Dear Friends and Members of the Press,
We have been reeling from the news since Friday. Jim Hatfield is gone. In a country where not enough reporters and talking heads have the courage to speak truth to power, Hatfield, the President's most controversial biographer, ended his own life in solitude in an Arkansas motel last week.
I knew Jim. He could be tempestuous, moody and unpredictable. He was also intensely driven, articulate and full of Southern charm. When I spoke with his widow Nancy on Friday, we agreed, "He was a good writer." He was a hell of a fighter and you wanted him on your side. Just last month we spent a weekend together in Chicago on the trade show floor of Book Expo America. He signed books, shook hands, worked the crowd, spoke out, strategized with me and revealed sources. We went non-stop together to promote his Bush biography Fortunate Son. He was fond of quoting Langston Hughes, "I've been insulted, eliminated, locked in, locked out, and left holding the bag.
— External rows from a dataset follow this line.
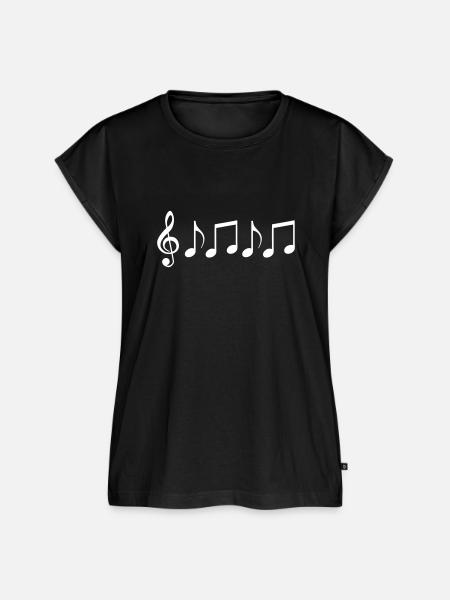 noten - Frauen Premium Bio Top - Schwarz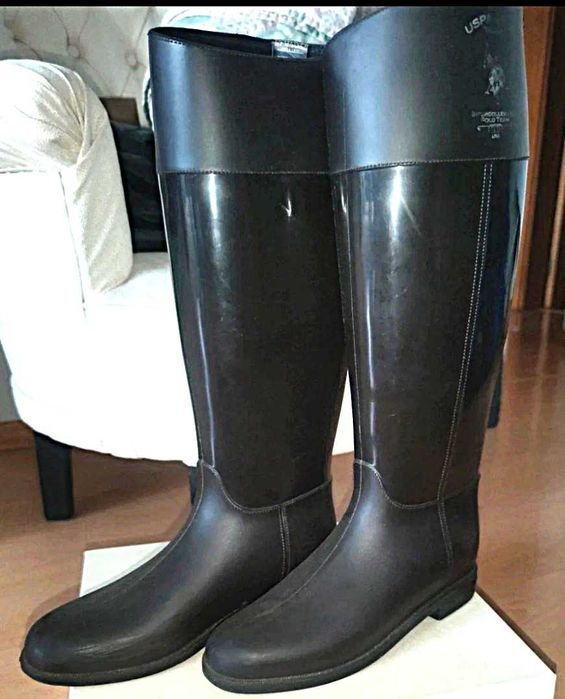 Botas Ralph Lauren Castanhas | Tamanho 37 | Usadas 1 vez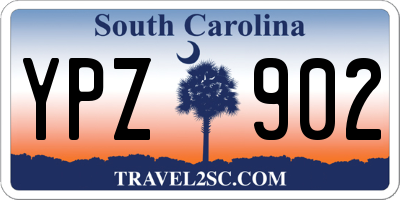 SC license plate YPZ902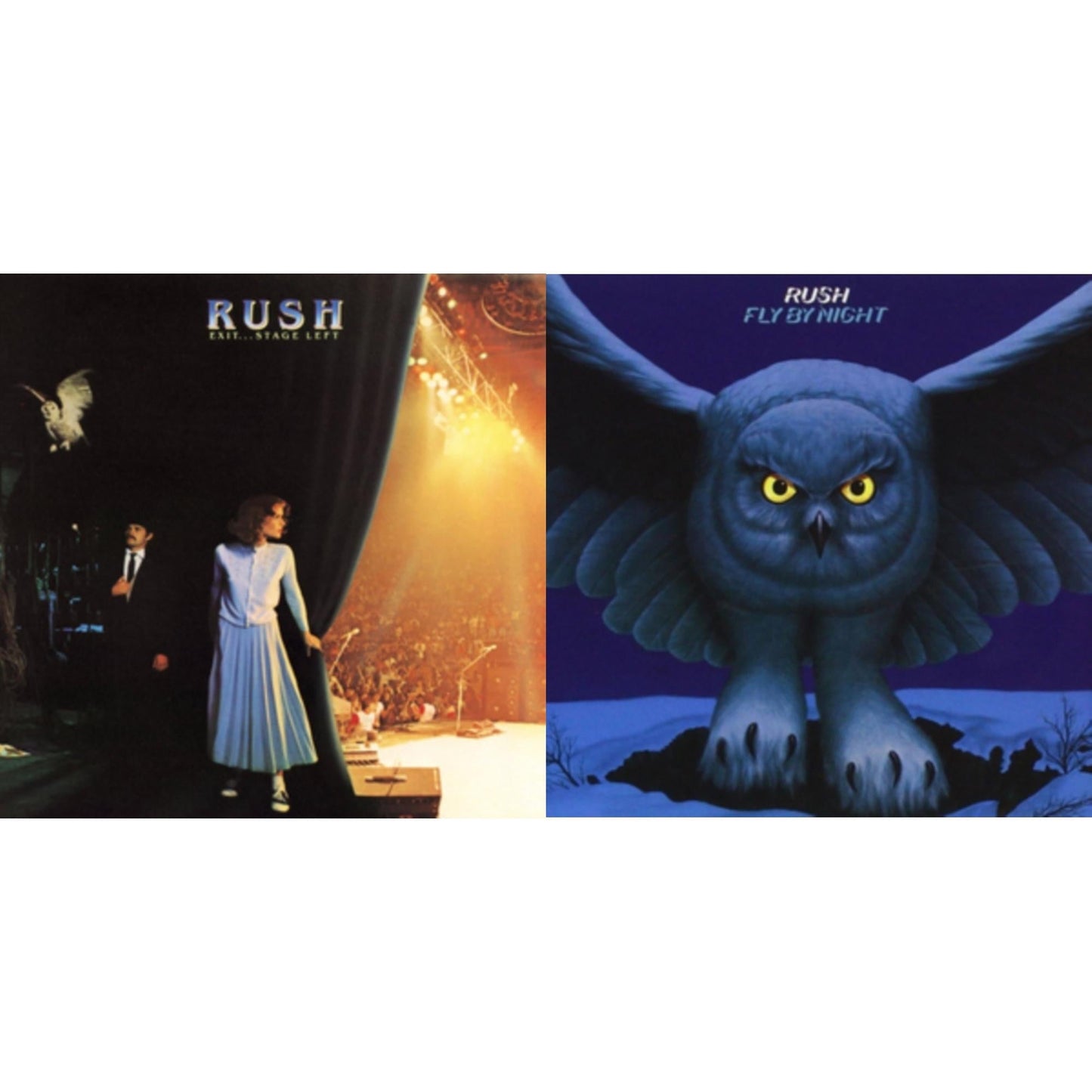 Rush - Exit Stage Left (180G) & Fly By Night (180G) - LP Vinyl Bundle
But I am still here."
Like Hughes, Hatfield will live on through his books. Jim's life will not be soon forgotten. The story of Fortunate Son is gravely important. Jim was on the verge of collapse due to financial difficulties, and part of this was due to the failure of this book. The American media followed the trail laid for them: the piercing inquiries into Bush's drug history were diverted into ironic stories about Jim Hatfield's own checkered past. After Hatfield was fed information and then discredited, he faced financial ruin and obscurity. He lost two other book contracts. His death was by his own hand but the causes go deeper. October of 1999 was glorious for him: he celebrated the initial publication of Fortunate Son and the birth of his daughter. But October was shattered by a book burning, a two-year long media carnival, and the character assassination of Jim Hatfield, an ex convict turned author who had paid his debt to society.
Jim Hatfield's death is in part on the hands of an imperious American media establishment that reserves the softest touch money can buy for George W. Bush and all sons of privilege. Jim Hatfield, a working class journalist unannointed by the media elite, was viciously made into an example.
He had a fearlessness that will be missed.